**SOURCE DATA**
------------------------------------------------------------------------

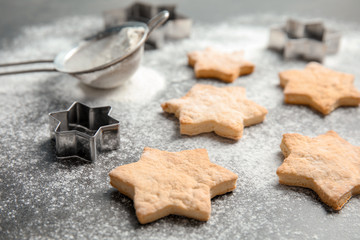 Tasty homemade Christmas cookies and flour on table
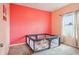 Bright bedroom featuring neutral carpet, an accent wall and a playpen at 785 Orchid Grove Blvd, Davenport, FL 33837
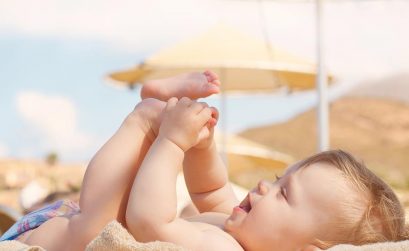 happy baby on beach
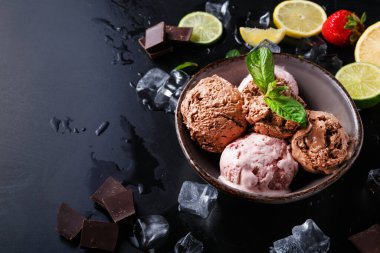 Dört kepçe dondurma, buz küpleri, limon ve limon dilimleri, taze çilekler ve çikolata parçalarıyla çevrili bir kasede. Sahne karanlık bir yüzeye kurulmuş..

------------------------------------------------------------------------

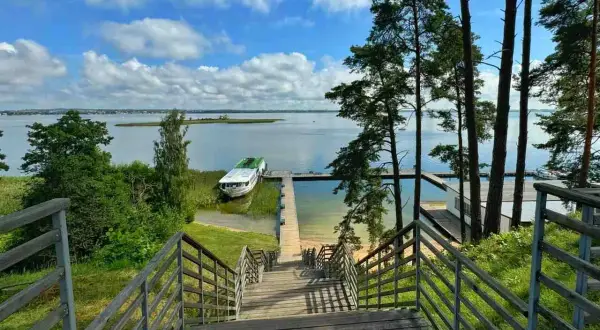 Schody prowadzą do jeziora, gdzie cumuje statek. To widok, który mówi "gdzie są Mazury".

------------------------------------------------------------------------

**TASK INSTRUCTIONS**
Write out again exactly the lines above from the one with "Bright bedroom featuring" through the one with "Dört kepçe dondurma, buz", adding no other lines and no pictures.

**COMPLETED EXERCISE**
 Bright bedroom featuring neutral carpet, an accent wall and a playpen at 785 Orchid Grove Blvd, Davenport, FL 33837
 happy baby on beach
 Dört kepçe dondurma, buz küpleri, limon ve limon dilimleri, taze çilekler ve çikolata parçalarıyla çevrili bir kasede. Sahne karanlık bir yüzeye kurulmuş..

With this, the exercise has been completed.